Managing a loan or bond portfolio is a far cry from what it used to be, thanks to recent market developments such as the rapid growth of credit derivatives.

In fact, the changing ways of the credit portfolio management business - and the ensuing need to acutely manage risk - has prompted the International Association of Credit Portfolio Managers (IACPM) to draft a set of guidelines to help credit portfolio managers execute their increasingly complex investment duties. The IACPM has released the new guidelines, known as Sound Practices in Credit Portfolio Management, in an effort to provide those in charge of their firm's risk management with a benchmark against which they can measure their risk management practices. The sound practices cover a range of issues such as the valuation of assets and gauging vulnerability to extreme events.

Ivan Marcotte, the IACPM's newly elected chairman, said the new document is titled "sound practices" rather than "best practices" because it is intended to provide a framework off of which portfolio managers can work, not to prescribe the best way to manage a portfolio.
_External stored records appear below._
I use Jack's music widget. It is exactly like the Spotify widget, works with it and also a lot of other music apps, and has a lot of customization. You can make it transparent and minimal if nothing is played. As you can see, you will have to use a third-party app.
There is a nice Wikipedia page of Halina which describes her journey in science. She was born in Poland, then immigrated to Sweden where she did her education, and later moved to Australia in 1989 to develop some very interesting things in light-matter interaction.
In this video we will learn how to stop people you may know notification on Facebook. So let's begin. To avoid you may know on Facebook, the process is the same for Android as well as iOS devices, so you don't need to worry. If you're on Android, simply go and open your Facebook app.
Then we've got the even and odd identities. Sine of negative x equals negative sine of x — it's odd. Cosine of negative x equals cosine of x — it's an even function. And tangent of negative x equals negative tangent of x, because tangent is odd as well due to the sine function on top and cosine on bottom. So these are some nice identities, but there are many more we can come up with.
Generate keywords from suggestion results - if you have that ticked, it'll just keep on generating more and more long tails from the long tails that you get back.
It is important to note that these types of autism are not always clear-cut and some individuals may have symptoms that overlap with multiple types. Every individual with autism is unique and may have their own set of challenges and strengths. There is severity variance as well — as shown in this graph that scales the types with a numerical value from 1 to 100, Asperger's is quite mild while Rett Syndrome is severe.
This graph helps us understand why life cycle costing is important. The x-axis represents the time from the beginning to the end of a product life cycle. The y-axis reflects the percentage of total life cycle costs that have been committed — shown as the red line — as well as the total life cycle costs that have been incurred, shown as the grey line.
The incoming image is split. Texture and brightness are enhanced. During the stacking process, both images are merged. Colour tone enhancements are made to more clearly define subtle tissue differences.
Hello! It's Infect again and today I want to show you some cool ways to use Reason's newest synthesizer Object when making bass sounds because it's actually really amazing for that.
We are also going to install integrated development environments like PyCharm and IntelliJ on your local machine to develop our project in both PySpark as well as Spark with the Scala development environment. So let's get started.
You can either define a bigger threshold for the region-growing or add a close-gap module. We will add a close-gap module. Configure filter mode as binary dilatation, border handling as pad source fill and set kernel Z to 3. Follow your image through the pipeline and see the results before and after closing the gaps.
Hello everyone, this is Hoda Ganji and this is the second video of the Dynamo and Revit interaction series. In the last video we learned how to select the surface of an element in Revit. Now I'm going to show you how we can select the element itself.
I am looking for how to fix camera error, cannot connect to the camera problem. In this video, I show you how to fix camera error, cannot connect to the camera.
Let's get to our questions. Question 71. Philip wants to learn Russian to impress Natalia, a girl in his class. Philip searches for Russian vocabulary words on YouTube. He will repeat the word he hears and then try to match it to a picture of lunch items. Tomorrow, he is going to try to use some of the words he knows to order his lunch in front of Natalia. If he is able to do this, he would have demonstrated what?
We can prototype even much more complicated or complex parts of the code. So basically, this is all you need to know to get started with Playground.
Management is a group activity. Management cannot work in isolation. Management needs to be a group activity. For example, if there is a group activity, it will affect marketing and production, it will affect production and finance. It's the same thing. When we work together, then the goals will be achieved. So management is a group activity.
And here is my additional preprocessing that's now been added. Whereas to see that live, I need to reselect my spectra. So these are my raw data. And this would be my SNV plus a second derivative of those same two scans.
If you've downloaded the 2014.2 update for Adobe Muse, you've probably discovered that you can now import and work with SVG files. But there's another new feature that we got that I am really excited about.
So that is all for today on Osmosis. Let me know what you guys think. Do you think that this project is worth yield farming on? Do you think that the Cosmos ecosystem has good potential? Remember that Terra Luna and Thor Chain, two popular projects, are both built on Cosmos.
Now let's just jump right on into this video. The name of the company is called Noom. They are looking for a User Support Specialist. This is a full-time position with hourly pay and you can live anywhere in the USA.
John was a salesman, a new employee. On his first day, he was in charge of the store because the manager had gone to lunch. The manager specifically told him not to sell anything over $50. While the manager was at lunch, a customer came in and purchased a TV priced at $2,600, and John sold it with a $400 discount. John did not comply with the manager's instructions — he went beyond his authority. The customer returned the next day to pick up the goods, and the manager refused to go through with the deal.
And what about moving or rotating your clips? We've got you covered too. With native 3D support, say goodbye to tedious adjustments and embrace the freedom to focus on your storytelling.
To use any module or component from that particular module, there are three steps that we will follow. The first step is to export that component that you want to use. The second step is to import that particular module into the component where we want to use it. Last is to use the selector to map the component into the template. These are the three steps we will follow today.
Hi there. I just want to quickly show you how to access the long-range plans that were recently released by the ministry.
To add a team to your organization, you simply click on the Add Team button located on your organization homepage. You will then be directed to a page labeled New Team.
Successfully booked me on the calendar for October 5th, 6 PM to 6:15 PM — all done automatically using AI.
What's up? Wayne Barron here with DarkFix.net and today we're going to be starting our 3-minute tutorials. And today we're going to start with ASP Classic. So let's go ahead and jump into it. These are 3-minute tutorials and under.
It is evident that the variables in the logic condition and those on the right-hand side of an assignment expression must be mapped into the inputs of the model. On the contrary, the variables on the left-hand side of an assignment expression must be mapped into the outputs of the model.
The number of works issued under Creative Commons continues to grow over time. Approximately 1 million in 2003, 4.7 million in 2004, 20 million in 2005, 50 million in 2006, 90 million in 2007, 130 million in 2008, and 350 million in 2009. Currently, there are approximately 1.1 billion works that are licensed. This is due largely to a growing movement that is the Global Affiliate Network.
"The sound practices are really an attempt by the industry to set down an outline of what people can expect from a portfolio management program, as well as identifying some of the key elements of a successful portfolio management effort," explained Jim Lentino, managing director at ABN Amro and chairman of the 22-member committee that drafted the document, in a statement.

The organization set forth 30 "sound principles" under 11 different categories, which cover topics such as "standardize risk measures and models," "understand economic value versus accounting value," "align accounting conventions with portfolio management practices" and "set limits and manage concentrations."

For example, one of the sound practices addresses how a loan's mark-to-market value may not be the same as its amortized cost. The IACPM suggests that, for the purposes of internal management accounting, credit assets should be marked to market to assess the economic value of the asset.

Marcotte, who is a senior vice president and risk management executive at Bank of America, said the guidelines have been in the works for about 18 months. He noted that a lot has happened over this period, causing the IACPM to address several recent developments in the document as well. The rapid growth of the credit derivatives market, the growth of index products and the institution of the Joint Market Practices Forum have altered the playing field for credit portfolio managers greatly, Marcotte said. The Joint Market Practices Forum is a consortium of industry associations that have introduced guidelines for the handling of material nonpublic information. This group has moved a lot of decisions to the public from the private side of the information wall, he noted.

In order to further support the advancement of credit portfolio management, the IACPM plans to remain in close contact with key regulators in its industry. Marcotte said the organization has already met with regulators such as the Federal Reserve Board, the Office of the Comptroller of the Currency and the U.K.'s Financial Services Authority to support this goal. "[Our] field has changed a lot over the last five years, and we feel we need to spend time in front of the people who regulate us," he explained.

The changing face of credit portfolio management is also driving the IACPM, which started out as an informal group of roughly eight or so U.S. commercial banks, to expand and diversify its membership base. Since its formation in 2001, the IACPM has grown into a 59-member international organization. The group's membership includes US, European, Australian and Japanese banks.

And while the group's membership base chiefly consists of commercial banks, as well as some investment banks and insurance and reinsurance companies, one of its top goals for the coming year is to expand that membership to include non-bank members such as institutional investors, Marcotte said. This would include collateralized debt obligation and high yield fund managers.

"It makes sense to broaden the membership," he said, noting that the general principles behind asset management are the same for institutional investors as they are for banks. The IACPM is looking to extend its membership to those in the retail loan and consumer credit card industry, as well as to those involved in credit default swaps of asset-backed securities, Marcotte noted.

In addition, the IACPM is looking to expand its focus on the middle market. While the organization's first members were primarily those that managed portfolios that contained assets from Fortune 500 companies, that has since changed. "We've gotten a lot more members interested in the middle market," Marcotte said, noting that the organization has set up a group to look at how to bring liquidity to the US middle market, and to the comparable small and medium enterprise loan market in Europe.